Election Funny Business

According to a recent national survey by Fabrizio, McLaughlin & Associates, Bush has a slight lead over Kerry in an unweighted poll. But if you weigh the minority vote to the turnout shown in the 2000 exit polls, Kerry has over a 3% lead. This, among other factors, has lead a number of people in the left blogoshere to level charges that the Republicans are engaged in a campaign to suppress minority voting.
“Come on,” you may be thinking. “This is 2004. America abandoned those kind of practices decades ago.”
Have we?

A secret document obtained from inside Bush campaign headquarters in Florida suggests a plan – possibly in violation of US law – to disrupt voting in the state’s African-American voting districts, a BBC Newsnight investigation reveals.
Two e-mails, prepared for the executive director of the Bush campaign in Florida and the campaign’s national research director in Washington DC, contain a 15-page so-called “caging list”.
It lists 1,886 names and addresses of voters in predominantly black and traditionally Democrat areas of Jacksonville, Florida.
An elections supervisor in Tallahassee, when shown the list, told Newsnight: “The only possible reason why they would keep such a thing is to challenge voters on election day.”

So what are national Bush/Cheney campaign people doing with Jacksonville voter lists?
The one good thing about this election–in contrast to 2000–is that there’s going to be a boatload of people monitoring the polls during the election, not just after the fact. It’s going to be more difficult for the vote suppressors to get away with doing their dirty work.

The Gap

President Bush offers an interesting criticism of Senator Kerry: Kerry is guilty of promising to spend more than he can pay for:

During this campaign he’s proposed $2.2 trillion of new spending. Now, that is a trillion with a “T.” That’s a lot even for a senator from Massachusetts. (Laughter.)
So they said, how are you going to pay for it? And he said, oh, we’re just going to tax the rich. Now, you’ve heard that before. Be wary when you hear, oh, we’re just going to tax the rich. My opponent has promised $2.2 trillion, but when you run up the top two brackets, you only raise between $600 billion and $800 billion. There is a gap between that which he promised and that which he can deliver.

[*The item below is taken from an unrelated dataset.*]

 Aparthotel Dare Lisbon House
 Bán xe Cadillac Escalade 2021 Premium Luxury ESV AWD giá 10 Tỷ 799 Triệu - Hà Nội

And guess who usually fills that gap.
AUDIENCE: We do!

Honestly, isn’t President Bush the last person who should be calling someone else out on a gap between what they promise and what they can pay for?

Fighting Against The U.S.

Republican House Majority Leader Tom DeLay offered the following:

“LaRouche is a con felon and all I can tell you is that Mr. Morrison has supported and campaigned with LaRouche followers and Mr. Morrison also has taken money and is working with the Daily Kos, which is an organization that raises money for fighters against the U.S. in Iraq,” said DeLay.

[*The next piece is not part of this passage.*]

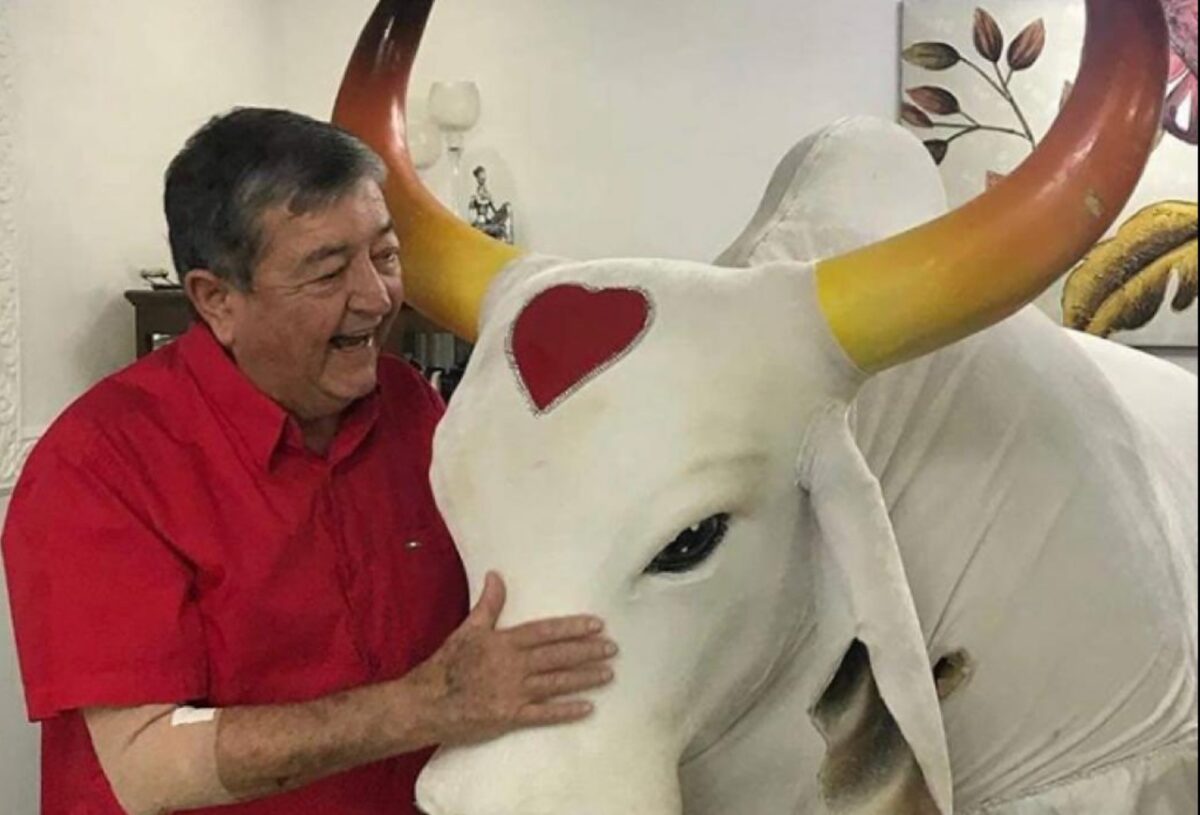 Morre Rogério Ozores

What are the odds that Mr. DeLay has actually visited Daily Kos? Pretty low I’d say. Perhaps I missed something, but the only fund raising I’ve seen on the web site is for Democratic candidates and Democratic-leaning organizations. Are these the “fighters against the U.S. in Iraq” that DeLay speaks of?
I haven’t donated any money at the site, but I do have a user account. Am I thereby supporting America’s enemies?

Pre-Election Leaks

Vice President Dick Cheney, once again demonstrating that image management is more important than reality to the administration, had this to say regarding Iraq on Monday:

I think it has been a remarkable success story to date, when you look at what has been accomplished overall. I think the President deserves great credit for it.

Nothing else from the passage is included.